Alpha-VLLM / Lumina-mGPT

Official Implementation of "Lumina-mGPT: Illuminate Flexible Photorealistic Text-to-Image Generation with Multimodal Generative Pretraining"
https://arxiv.org/abs/2408.02657
507 stars 22 forks source link

Trainable Parameters and their precisions #17

Closed SxJyJay closed 3 months ago

SxJyJay commented 3 months ago

Thanks for your great work!

During training, I found that all parameters are trainable and set to fp32 precision since the ChameleonXLLMXForConditionalGeneration class doesn't have a get_trainable_params method.

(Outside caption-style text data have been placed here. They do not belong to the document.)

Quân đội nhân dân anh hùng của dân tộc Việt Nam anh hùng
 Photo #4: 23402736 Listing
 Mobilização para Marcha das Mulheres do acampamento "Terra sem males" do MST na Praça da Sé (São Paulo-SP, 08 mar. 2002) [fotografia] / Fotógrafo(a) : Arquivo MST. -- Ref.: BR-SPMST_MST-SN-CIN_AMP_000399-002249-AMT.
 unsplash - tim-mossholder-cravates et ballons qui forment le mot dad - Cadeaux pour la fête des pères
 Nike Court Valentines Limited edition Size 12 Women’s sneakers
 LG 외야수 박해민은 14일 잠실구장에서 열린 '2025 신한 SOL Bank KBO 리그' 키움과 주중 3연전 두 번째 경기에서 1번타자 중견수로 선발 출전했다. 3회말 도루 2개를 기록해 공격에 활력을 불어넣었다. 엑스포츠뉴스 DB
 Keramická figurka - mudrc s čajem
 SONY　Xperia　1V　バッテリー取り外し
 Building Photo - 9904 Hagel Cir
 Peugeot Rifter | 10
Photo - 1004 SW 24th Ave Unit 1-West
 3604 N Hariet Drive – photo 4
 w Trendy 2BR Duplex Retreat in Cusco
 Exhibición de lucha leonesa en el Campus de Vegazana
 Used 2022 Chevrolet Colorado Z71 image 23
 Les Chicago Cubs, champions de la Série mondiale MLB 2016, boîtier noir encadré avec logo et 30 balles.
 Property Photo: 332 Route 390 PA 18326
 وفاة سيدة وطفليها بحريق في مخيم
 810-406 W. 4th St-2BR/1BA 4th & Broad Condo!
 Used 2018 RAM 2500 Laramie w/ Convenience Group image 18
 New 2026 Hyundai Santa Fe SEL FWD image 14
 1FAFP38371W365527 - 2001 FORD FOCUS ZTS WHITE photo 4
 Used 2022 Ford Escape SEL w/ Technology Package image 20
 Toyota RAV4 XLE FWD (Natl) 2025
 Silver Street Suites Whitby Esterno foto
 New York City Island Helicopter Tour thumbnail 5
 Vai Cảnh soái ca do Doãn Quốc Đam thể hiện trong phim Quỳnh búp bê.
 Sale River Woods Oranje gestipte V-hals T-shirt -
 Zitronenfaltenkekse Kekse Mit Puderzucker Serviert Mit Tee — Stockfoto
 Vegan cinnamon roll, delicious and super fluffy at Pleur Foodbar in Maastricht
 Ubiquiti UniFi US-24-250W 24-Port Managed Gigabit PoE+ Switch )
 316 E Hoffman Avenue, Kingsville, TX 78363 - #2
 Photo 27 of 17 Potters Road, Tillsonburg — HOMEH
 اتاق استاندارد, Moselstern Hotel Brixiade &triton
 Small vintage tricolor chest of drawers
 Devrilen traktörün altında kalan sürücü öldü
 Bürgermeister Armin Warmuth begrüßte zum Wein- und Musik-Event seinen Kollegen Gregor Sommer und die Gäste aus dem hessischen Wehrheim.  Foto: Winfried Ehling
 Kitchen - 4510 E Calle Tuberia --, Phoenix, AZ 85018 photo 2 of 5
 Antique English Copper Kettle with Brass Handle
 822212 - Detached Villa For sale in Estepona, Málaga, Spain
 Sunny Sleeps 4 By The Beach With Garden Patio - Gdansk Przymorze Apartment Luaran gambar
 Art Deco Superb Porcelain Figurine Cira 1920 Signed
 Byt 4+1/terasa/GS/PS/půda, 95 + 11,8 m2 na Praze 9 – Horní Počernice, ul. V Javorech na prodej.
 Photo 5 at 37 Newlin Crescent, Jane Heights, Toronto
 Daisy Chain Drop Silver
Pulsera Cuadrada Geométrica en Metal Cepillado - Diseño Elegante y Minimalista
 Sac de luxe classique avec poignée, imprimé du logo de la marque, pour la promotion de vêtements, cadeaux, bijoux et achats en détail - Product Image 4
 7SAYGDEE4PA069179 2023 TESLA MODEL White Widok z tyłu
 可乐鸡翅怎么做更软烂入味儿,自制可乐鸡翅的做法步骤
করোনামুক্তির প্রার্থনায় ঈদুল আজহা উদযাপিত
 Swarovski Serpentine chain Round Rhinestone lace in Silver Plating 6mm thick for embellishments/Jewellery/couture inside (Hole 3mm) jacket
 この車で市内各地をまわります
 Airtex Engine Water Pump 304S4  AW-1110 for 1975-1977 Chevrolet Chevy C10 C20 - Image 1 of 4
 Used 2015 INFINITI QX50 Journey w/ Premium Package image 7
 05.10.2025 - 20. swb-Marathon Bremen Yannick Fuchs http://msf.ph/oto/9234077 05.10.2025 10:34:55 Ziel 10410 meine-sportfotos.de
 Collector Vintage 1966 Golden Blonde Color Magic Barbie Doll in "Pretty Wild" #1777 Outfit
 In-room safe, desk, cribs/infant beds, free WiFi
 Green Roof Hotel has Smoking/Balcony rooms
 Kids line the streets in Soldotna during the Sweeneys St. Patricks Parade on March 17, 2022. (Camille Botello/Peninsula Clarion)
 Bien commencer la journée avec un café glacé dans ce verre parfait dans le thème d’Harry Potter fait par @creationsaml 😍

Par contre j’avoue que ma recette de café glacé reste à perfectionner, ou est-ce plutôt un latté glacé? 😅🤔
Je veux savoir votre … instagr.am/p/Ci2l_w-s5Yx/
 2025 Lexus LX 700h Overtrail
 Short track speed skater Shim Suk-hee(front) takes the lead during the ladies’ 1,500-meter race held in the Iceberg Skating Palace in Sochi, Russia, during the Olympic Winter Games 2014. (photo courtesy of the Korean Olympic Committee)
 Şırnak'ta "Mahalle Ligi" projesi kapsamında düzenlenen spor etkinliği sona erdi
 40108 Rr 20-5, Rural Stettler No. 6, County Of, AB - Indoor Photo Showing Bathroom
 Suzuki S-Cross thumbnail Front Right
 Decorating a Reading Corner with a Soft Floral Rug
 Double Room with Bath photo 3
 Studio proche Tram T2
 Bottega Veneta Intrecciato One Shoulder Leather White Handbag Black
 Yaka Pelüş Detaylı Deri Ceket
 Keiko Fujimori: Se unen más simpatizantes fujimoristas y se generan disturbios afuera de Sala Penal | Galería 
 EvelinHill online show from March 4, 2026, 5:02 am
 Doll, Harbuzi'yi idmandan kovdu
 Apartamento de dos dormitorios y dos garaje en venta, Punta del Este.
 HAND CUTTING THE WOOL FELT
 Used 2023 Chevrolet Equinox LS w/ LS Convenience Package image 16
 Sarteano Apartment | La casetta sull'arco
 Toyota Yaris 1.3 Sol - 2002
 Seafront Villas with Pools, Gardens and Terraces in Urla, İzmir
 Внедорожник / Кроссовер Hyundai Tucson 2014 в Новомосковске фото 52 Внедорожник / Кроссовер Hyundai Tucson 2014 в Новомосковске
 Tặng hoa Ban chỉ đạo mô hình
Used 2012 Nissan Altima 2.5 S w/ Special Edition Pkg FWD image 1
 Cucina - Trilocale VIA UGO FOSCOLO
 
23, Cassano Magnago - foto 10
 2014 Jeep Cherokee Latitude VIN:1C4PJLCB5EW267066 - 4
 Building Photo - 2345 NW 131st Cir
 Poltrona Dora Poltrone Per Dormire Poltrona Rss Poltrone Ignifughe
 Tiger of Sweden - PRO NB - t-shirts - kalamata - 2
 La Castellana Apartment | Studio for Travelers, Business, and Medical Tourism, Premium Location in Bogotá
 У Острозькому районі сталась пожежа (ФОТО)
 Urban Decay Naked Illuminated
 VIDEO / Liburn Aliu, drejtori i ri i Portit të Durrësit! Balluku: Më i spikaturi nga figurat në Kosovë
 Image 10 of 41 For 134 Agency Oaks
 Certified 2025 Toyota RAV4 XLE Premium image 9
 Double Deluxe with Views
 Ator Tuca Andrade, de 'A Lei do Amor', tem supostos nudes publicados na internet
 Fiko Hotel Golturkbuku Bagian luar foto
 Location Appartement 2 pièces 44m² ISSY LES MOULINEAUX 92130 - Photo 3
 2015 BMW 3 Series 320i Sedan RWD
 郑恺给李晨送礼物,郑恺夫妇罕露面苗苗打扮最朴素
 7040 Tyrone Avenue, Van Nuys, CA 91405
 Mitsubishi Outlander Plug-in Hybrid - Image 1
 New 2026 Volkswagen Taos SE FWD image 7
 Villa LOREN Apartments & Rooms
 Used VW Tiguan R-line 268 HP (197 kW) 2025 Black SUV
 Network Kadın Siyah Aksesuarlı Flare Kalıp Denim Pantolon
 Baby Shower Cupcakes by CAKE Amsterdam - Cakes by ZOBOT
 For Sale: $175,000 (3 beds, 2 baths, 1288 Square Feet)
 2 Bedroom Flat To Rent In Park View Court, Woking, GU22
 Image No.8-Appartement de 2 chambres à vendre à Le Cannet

I wonder whether all parameters require training during the 3-stage FP-SFT and whether fp32 precision for all parameters is necessary?

The relevant code can be found at https://github.com/Alpha-VLLM/Lumina-mGPT/blob/104abe453ec1acca5863698629c4db2111b0b3fc/xllmx/solvers/finetune/finetune.py#L286-L294

ChrisLiu6 commented 3 months ago
  1. For a parameter, as long as it is trainable (requires_grad=True), its fp32 version is necessary because the parameter updates have to be conducted in full precision. If the parameter is frozen, then we can simply keep its 16-bit version
  2. In our experiments we keep all parameters trainable along the whole SFT process, but you may try different settings by adding a "get_trainable_params" method.